Seit zwei Jahren schlüpft Remco Evenepoel in das Weltmeistertrikot, sobald zum Einzelzeitfahren angetreten wird. Der Weltmeister der vergangenen beiden Jahre ist neben seinen Gesamtklassement-Ambitionen ein absoluter Spezialist im Kampf gegen die Uhr. Regelmäßig gewinnt er gegen die anderen, eher groß gewachsenen Spezialisten und schnappt ihnen dank seiner Aerodynamik den Tagessieg weg. Bei der Frankreich-Rundfahrt zeigte er dies eindrucksvoll auf der fünften Etappe, musste jedoch beim Bergzeitfahren einige Tage später eine krachende Niederlage hinnehmen. Der WM-Kurs ist zwar kein Bergzeitfahren, ist mit seinen 680 Höhenmetern aber alles andere als flach. Nicht umsonst stehen die meisten anderen Spezialisten nicht am Start des Einzelzeitfahrens. Die kurzen knackigen Anstiege dürften eher Tadej Pogačar liegen, auf dem Rest der Strecke könnte Evenepoel jedoch die Nase vorn haben. Drei WM-Titel im Einzelzeitfahren in Folge schafften bis heute nur zwei Personen. Der Australier Michael Rogers und der Deutsche Tony Martin. Remco Evenepoel könnte der Dritte im Bunde dieses elitären Klubs werden.

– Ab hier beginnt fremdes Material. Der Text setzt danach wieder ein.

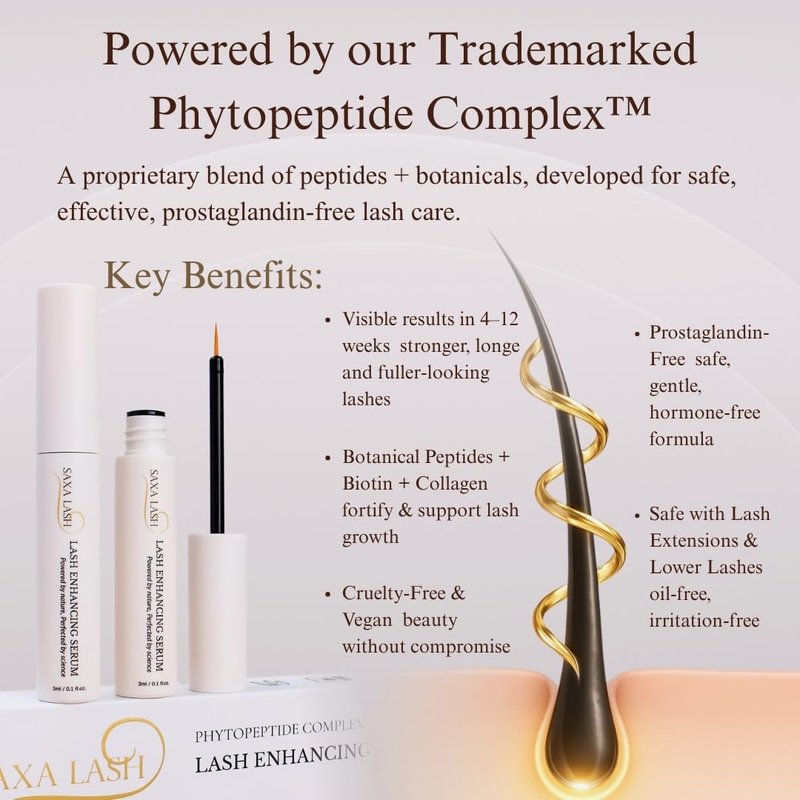 Saxa Lash Peptide Lash Serum. Eyelash Growth Serum with Phytopeptide Complex™. Prostaglandin-Free Formula for Longer, Fuller Lashes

Der zweite Slowene unter den Topfavoriten ist Primož Roglič. Mit seinen 35 Jahren ist er der Erfahrenste und beim Einzelzeitfahren immer für eine Überraschung gut. Aber Roglič hat bei dieser Disziplin auch immer wieder schlechte Tage, kommt weit hinter seinen eigenen Erwartungen und denen der Fans, ins Ziel. An anderen Tagen kommt er fast an die Zeiten der Spezialisten heran und das auf fast flachen Kursen. Seine Saison lief eher mittelmäßig, den Giro d’Italia musste er aufgeben, bei der Tour de France landete er als Achter hinter seinem jungen Teamkollegen Florian Lipowitz. Aber: Roglič kann Einzelzeitfahren mit Höhenmetern. Beim Bergzeitfahren der Frankreich-Rundfahrt zeigte er eine starke Leistung, musste sich nur Pogačar und Vingegaard geschlagen geben. Wenn Roglič einen guten Tag erwischt, kann er um den Sieg mitfahren.

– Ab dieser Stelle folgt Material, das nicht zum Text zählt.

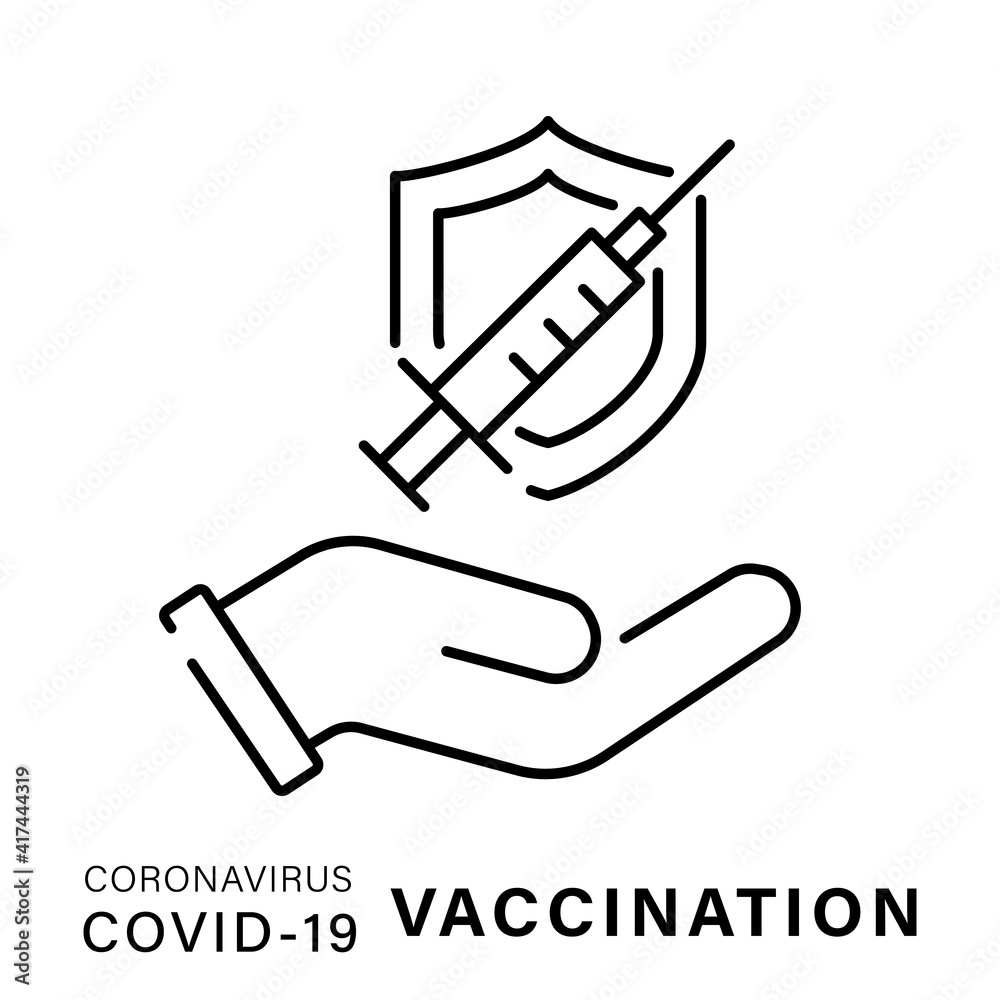 A simple linear icon showing the covid-19 coronavirus vaccine. A simple linear icon showing the covid-19 coronavirus vaccine.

Der Edelhelfer im UAE-Team mischt bei Einzelzeitfahren immer vorne mit. Auch wenn der Australier in dieser Saison keines gewinnen konnte, belegte er fast immer einen Platz in der Top 5 und war dabei teilweise schneller als sein Kapitän. Bergauf kann Vine sowieso, grade erst gewann er das Berg-Trikot bei der Spanien-Rundfahrt und sicherte sich zwei Etappensiege mit Schlussanstieg. Ob ihm die eher kurzen Anstiege liegen ist fraglich, gegen seinen Teamkollegen Tadej Pogačar und Remco Evenepoel dürfte es aber schwierig werden.
Isaac del Toro ist der Dritte im Bunde der Favoriten aus dem UAE Team Emirates - XRG. Eindrucksvoll gestaltete der erst 21-jährige Mexikaner seinen Auftritt auf der ganz großen Bühne, indem er den Sieg bei der Italien-Rundfahrt nur knapp verpasste. Bei flachen bis welligen Zeitfahren konnte del Toro bis jetzt noch nicht glänzen, landete in dieser Saison gute, aber keine herausragenden Ergebnisse bei Einzelzeitfahren. Eine gute Platzierung dürfte dank der Kursführung aber drin sein.
Der dreimalige und amtierende französische Zeitfahrmeister mischt bei Zeitfahren meistens um die Top 10 mit. Bei Zeitfahren mit nennenswerten Höhenmetern fehlten Armirail in der letzten Saison starke Ergebnisse, der Franzose fuhr bei welligen Einzelzeitfahren in dieser Saison jedoch schon in die Top 5. Als Spezialist dürfte auch er mit dem Kurs bei der diesjährigen Weltmeisterschaft seine Probleme haben, könnte jedoch an einem guten Tag für eine gute Platzierung sorgen.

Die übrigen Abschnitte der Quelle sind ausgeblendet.